What this task involves =>
For the entries below, print exactly the lines between the line holding "Used 2019 BMW" and the line holding "600D GRIEFI 데미지 스타 패턴 니트", inclusive, and nothing else.

*** Opening of Data ***

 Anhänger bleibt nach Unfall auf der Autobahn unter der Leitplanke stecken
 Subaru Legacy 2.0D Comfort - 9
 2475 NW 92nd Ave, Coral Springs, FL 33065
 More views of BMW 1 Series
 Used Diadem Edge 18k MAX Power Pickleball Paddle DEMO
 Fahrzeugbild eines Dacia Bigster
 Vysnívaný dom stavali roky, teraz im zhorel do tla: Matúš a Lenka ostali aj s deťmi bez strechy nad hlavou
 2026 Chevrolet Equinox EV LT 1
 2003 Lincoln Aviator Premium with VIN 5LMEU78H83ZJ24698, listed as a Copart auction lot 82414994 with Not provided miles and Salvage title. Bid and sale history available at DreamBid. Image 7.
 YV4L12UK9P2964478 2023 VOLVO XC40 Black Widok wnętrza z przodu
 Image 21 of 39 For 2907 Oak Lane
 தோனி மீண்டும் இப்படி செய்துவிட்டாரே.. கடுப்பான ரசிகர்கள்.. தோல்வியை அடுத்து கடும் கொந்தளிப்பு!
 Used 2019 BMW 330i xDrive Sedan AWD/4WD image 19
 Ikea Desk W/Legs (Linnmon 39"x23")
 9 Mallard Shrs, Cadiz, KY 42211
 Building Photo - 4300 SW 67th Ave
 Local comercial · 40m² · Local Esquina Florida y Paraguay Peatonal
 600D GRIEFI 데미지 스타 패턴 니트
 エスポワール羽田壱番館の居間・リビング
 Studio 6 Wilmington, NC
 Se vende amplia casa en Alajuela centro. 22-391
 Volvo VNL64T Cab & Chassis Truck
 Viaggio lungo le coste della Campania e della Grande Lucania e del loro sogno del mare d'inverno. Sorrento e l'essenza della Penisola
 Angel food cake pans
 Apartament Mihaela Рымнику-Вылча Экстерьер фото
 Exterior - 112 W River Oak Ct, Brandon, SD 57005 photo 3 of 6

*** Close of Data ***

Output of the task =>
 Used 2019 BMW 330i xDrive Sedan AWD/4WD image 19
 Ikea Desk W/Legs (Linnmon 39"x23")
 9 Mallard Shrs, Cadiz, KY 42211
 Building Photo - 4300 SW 67th Ave
 Local comercial · 40m² · Local Esquina Florida y Paraguay Peatonal
 600D GRIEFI 데미지 스타 패턴 니트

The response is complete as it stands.